I tried everything i could think of but for some reason it doesn't store the data from the file to "data", but the file has the written data.
#include <fcntl.h>
#include <unistd.h>
#include <errno.h>
#include <string.h>
#include <stdlib.h>
#include <iostream>
using namespace std;
int main()
{
char data[69]=" ";
int fd = open("./MyFile.txt", O_RDWR | O_CREAT | O_SYNC | O_RSYNC);
write(fd, "HELLO", 5);
read(fd, data, 5);
cout << data << endl;
return 0;
}
Could you guys please help me.
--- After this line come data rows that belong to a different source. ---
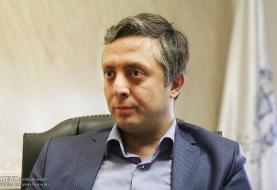 احتمال تخفیف در حکم بابک زنجانی وجود دارد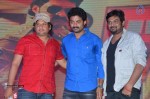 Patas Movie Audio Launch 03 - 114 of 239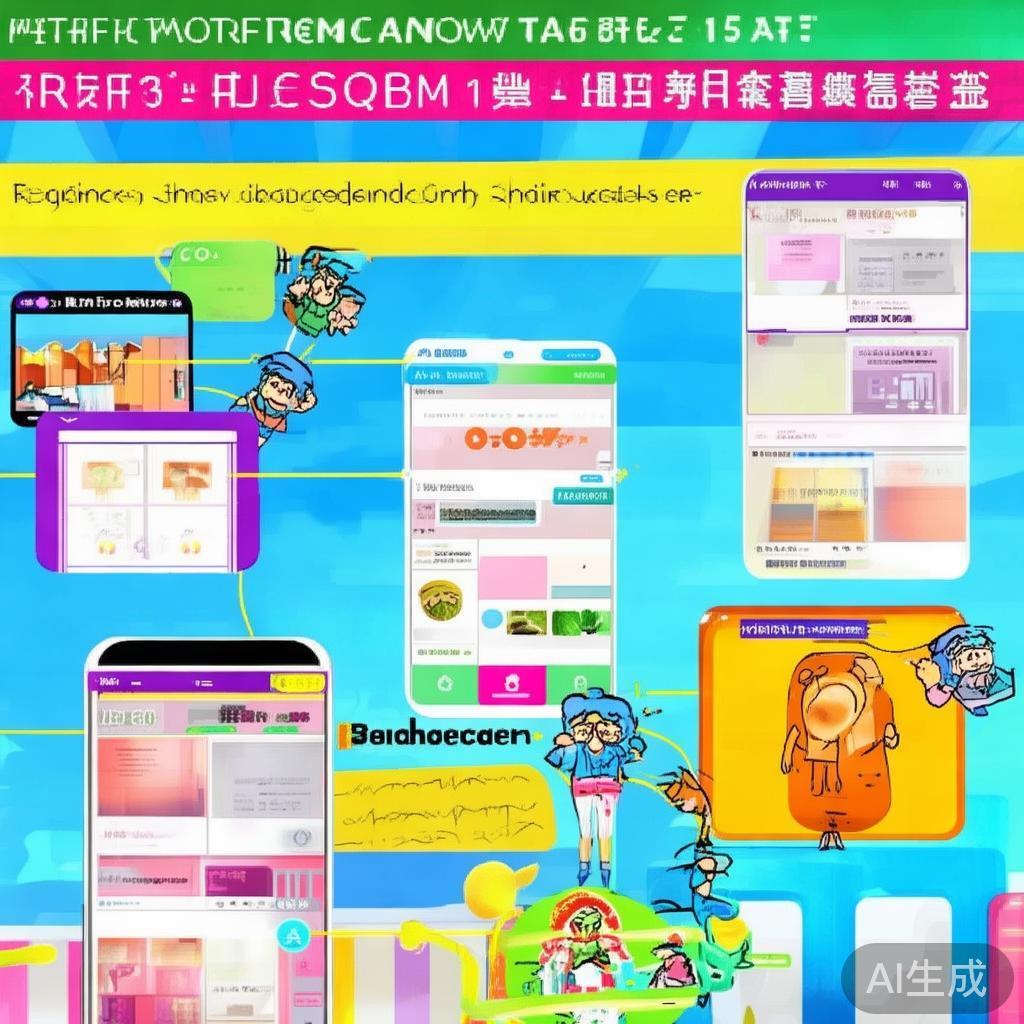 领取六元Q币的详细指南,从新手到高手的全面解析 领取六元Q币的详细指南,从新手到高手的全面解析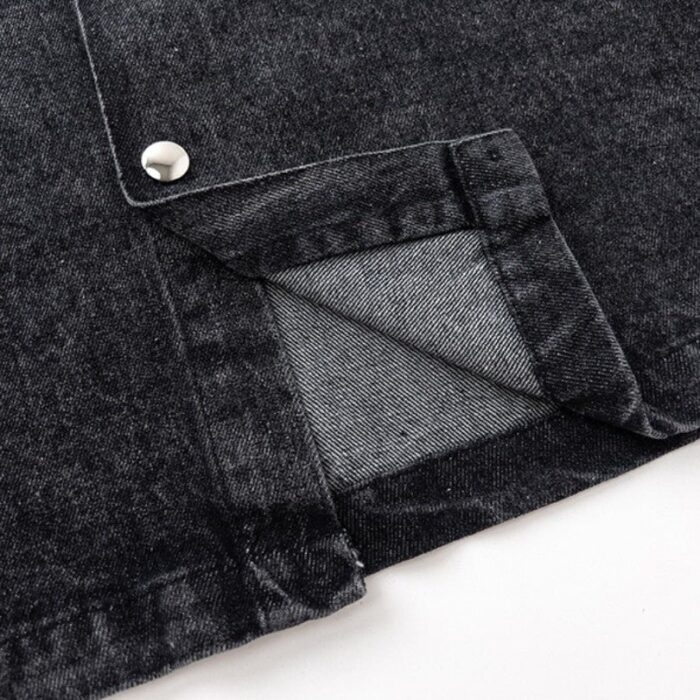 Shirt - Image 4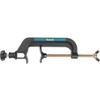 Makita GM00001396 Pipe Clamp Light Stand for The DML805 view 1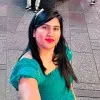 Pravallika Ponduru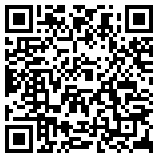 QR Code for Always 21 in Monroe, LA 71202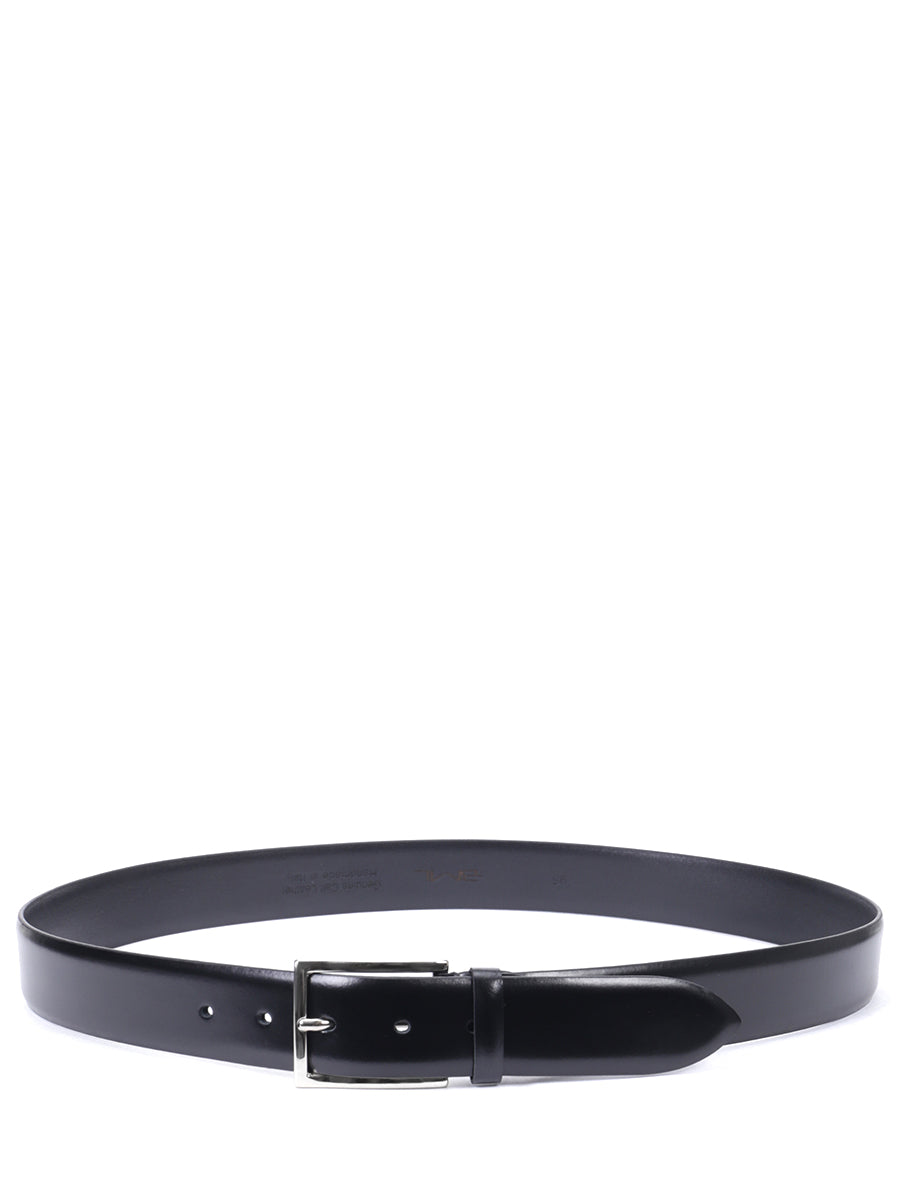 Belt BML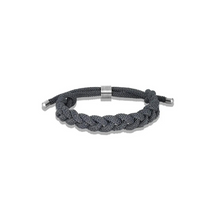 Pulseira Sun Cavanaggo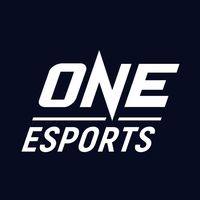 oneesportsid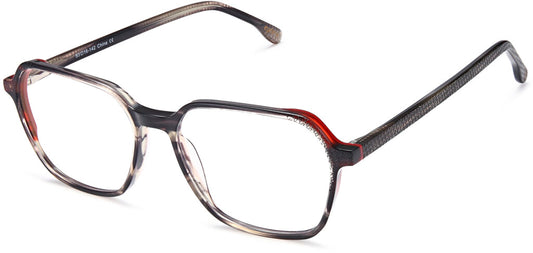Capri EYELEOS HARVEY Eyeglasses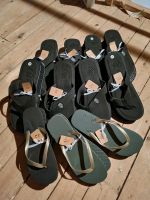 Hochzeit Flip Flops Niedersachsen - Uplengen Vorschau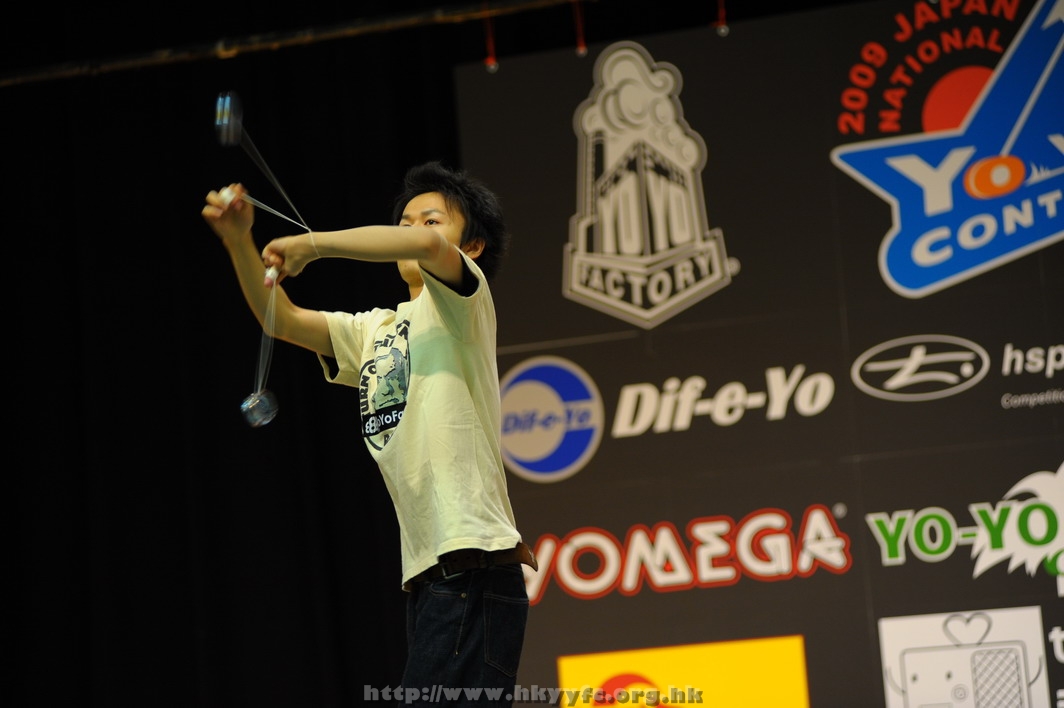 JN20090620_624.JPG
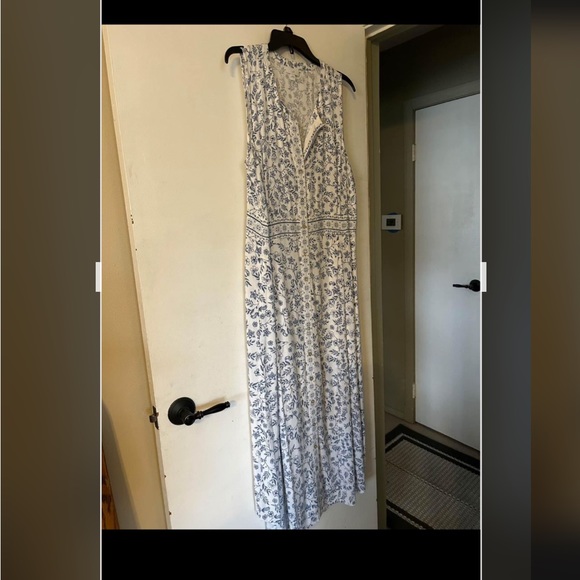 J Jill Dresd - Picture 2 of 3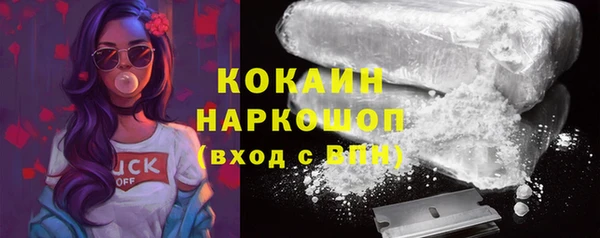 дмт Аркадак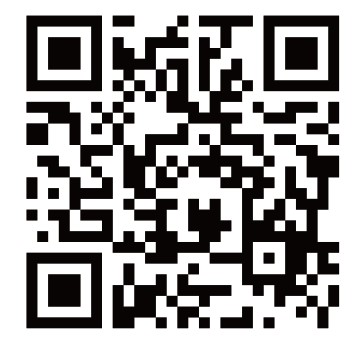 治療のゴールドスタンダードであるGamma Nailの基本手技とピットフォール 申し込みリンク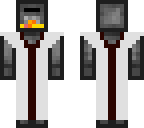 furnace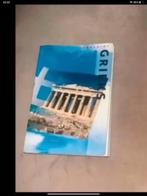 Grieks, Boeken, Ophalen of Verzenden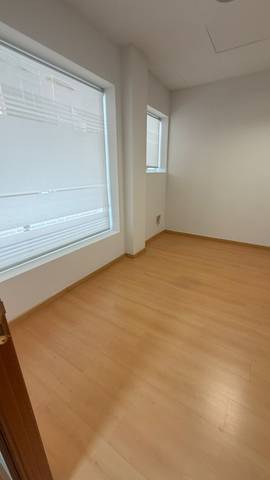 Local comercial en Alquiler en Compas de Santo Domingo en El Torreón - Los Ángeles - El Pilar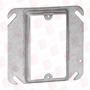ABB THOMAS & BETTS 52C13-50R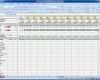 Einnahmen Ausgaben Excel Vorlage Kleinunternehmer Erstaunlich Erfreut Excel Vorlage Für Ausgaben Ideen Ideen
I'm trying to learn file I/O and I don't know if it's the O_RDWR or whatever that is wrong here.
From man write
:
For a seekable file (i.e., one to which lseek(2) may be applied, for example, a regular file) writing takes place at the current file offset, and the file offset is incremented by the number of bytes actually written.
From man read
:
On files that support seeking, the read operation commences at the current file offset, and the file offset is incremented by the number of bytes read.
You need to seek back to the start of the file after your write
, if you want to then read
what you just wrote:
lseek(fd, 0, SEEK_SET);
Always read and study the documentation for the functions that you use, particularly when they're not doing what you thought they would do.